§ **Problem requirements**
No pictures, no extra lines: copy exactly from the line with "this 1270×952 image." through the end of the entries.
--------
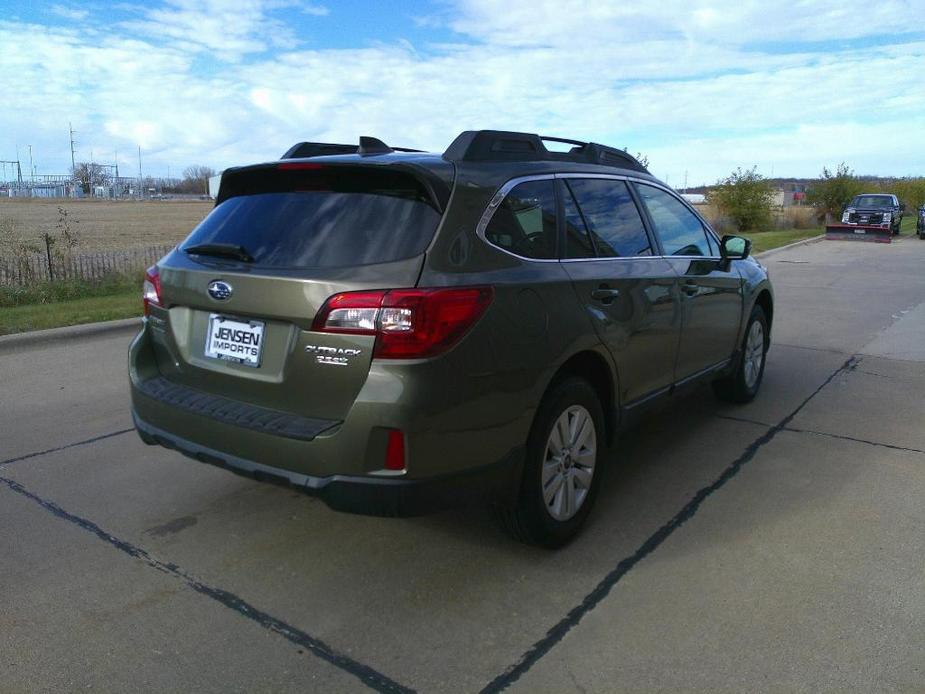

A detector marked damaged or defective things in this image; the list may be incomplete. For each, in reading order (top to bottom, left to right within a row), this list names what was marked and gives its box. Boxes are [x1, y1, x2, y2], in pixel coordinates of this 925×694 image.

crack in pavement [0, 430, 135, 474]
crack in pavement [0, 474, 414, 694]
crack in pavement [480, 358, 864, 694]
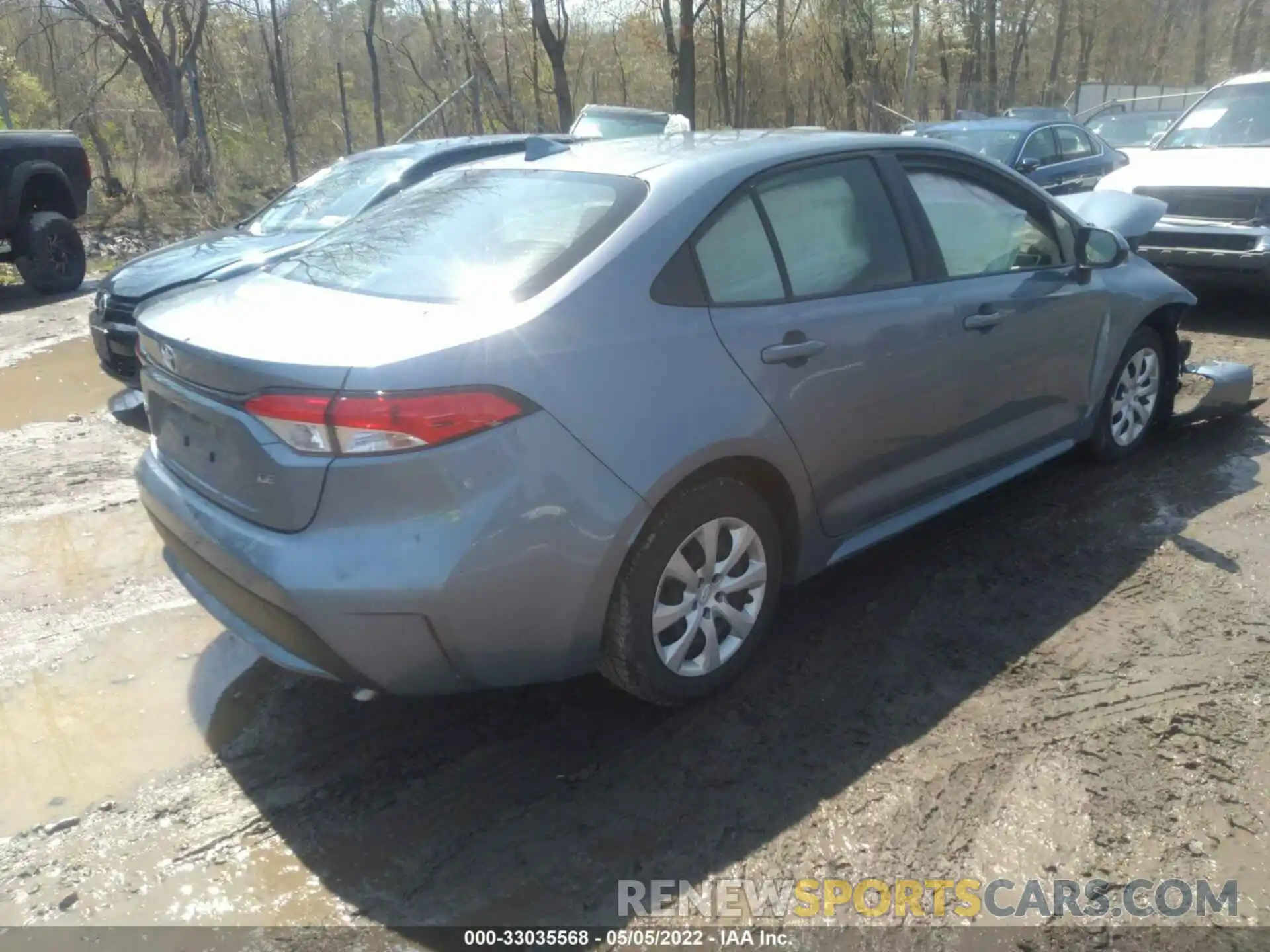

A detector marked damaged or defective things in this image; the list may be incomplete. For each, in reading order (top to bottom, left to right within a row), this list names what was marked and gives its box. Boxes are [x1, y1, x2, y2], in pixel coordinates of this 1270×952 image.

detached bumper piece [1168, 342, 1259, 424]
damaged front fender [1168, 350, 1259, 424]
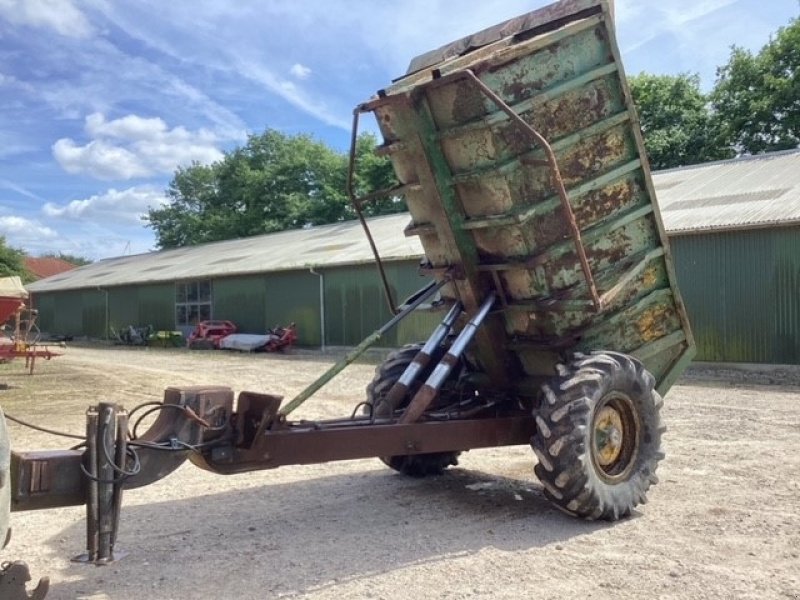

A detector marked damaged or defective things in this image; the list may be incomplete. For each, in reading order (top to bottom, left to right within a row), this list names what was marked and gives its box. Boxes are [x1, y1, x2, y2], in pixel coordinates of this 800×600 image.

rusty metal panel [364, 0, 692, 394]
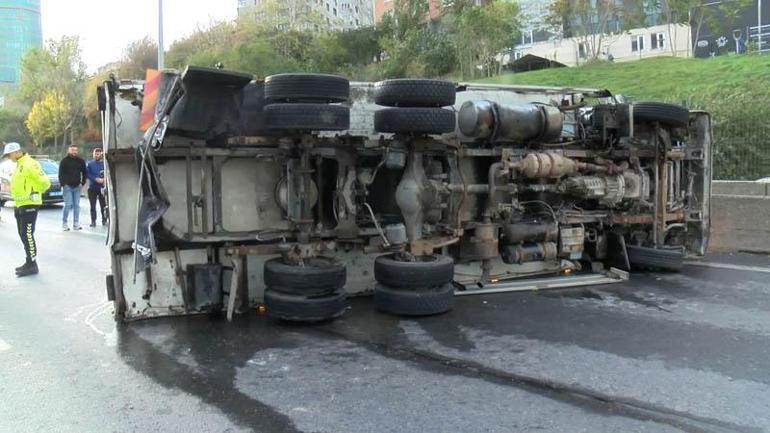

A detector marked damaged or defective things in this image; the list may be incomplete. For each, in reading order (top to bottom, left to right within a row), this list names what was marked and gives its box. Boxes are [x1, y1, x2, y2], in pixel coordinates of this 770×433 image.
--------
§ **Output for this task**
A detector marked damaged or defective things in this image; the list may be incomplete. For each, in reading order (top to bottom, left to right within a row), this list names what was marked and gives its box. Boxes are [x1, y1, x2, y2], in pixel coordinates of this 1270×952 image.

detached bumper piece [1168, 342, 1259, 424]
damaged front fender [1168, 350, 1259, 424]

A detector marked damaged or defective things in this image; the list may be incomplete. For each, in reading order (top to bottom, left to right within a row), this list names what was marked and gives its box. Boxes are [x1, y1, x2, y2], in pixel coordinates of this 800×600 image.

rusty metal panel [364, 0, 692, 394]

A detector marked damaged or defective things in this image; the list may be incomplete. For each, in reading order (top to bottom, left to right within a row), this list names what was marked and gives its box. Boxes are [x1, y1, x2, y2], in pixel coordinates of this 770×433 image.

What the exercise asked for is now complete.